Devin Dearing Preston: NYC writer, playwright, and storyteller

Predatory Females

April 12, 2010

I think there is a general misconception in our society that women don’t like sex. Or, aren’t suppose to. Because only trashy girls named after Disney characters  who chew watermelon Bubblelicious, wear Candies and flaunt their tits like they’re merchandise in some going out of business sale are into something as vulgar as sex. But it’s just not the case. Woman are people. And people love sex. It’s highly pleasurable. And if its done right, it can even be transcendent. (Why do you think so many of us scream out the Lords name at climax?)  

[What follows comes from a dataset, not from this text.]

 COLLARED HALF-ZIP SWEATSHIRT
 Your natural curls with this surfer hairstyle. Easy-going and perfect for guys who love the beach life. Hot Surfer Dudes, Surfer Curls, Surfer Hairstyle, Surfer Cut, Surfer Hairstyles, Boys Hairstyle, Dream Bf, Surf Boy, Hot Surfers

Now there are some rules in the mating ritual that cannot be ignored. A big one is to never ever ever approach a man. Ever. Sorry guys, the ball is and always will be in your court. Why? Because you have a penis. It’s really as basic as that.

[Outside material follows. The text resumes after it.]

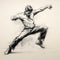 Dynamic Charcoal Sketch Of A Man Performing A Kick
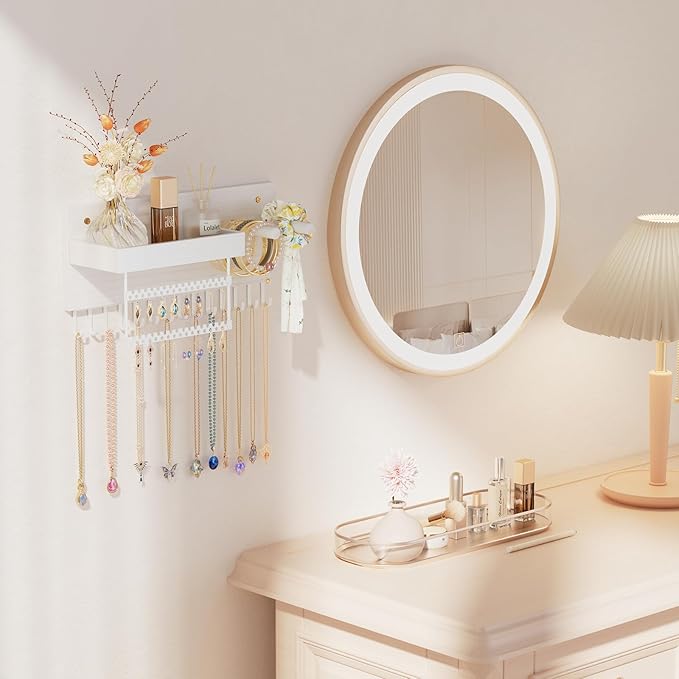 Lolalet Wall Mounted Hanging Jewelry Organizer, 15 Hooks Wooden Necklaces Holder with Storage Shelf, Easy Install Earrings Bracelets Hanger -White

However, some of us ladies have evolved and have learned how to work around that rule by setting the perfect trap.  Fess up ladies. You know who you are. Its nothing to be ashamed of. On the contrary, you are actually the brighter among our sex, because you’ve figured out how to get the men to come to you. With a few simple tricks, you’ve got the guy thinking he picked you up.

I will say that for a lot of women this might be sub-conscience. They have become so good at baiting the line, they don’t even know that they are doing it anymore. That, or they are so gosh darn pretty, they never had to give it much thought.

What exactly does this look like? 

Well, I was coming home on the 1 train a few Fridays ago. It was around midnight and relatively early for a young single girl in New York to call it a night. But seeing as how I’m still celibate and probably not going to meet any guy  interested in just talking on a Friday night after  midnight and a couple of cocktails, I deserted my friends who were just starting their drunken tear, got a camomile tea and boarded the train alone.

 That long train ride home by myself, especially on the weekends, when the train is littered with cuddling couples en route to fornicate, is indeed the worst part of my celibacy. I glare at them with envy. And slyly scan the train for possible sex partners, saying in my head, “Screw my blog, I want to get laid!!”

Sitting next to me was a young woman in what seemed to be the exact same predicament, slightly buzzed and not ready to go home alone. But she jumped into action. Standing in front of us was a decent looking guy holding a playbill.

After what I assume was a coy game of eye contact and the exchange of smiles, she innocently  asks “How was the Opera?” while tossing her hair and saying wanna fuck? with her eyes.

I was just as shocked as our young guy.

Quick, remember what you saw tonight.”Oh, it was pretty good. Not the best I’ve seen, but pretty good”

“You see a lot of Opera?” She was clearly testing him. And everyone on the train knew it. One, to see if he was gay and two to see if he was actually into art, or merely holding a playbill to pick up chicks.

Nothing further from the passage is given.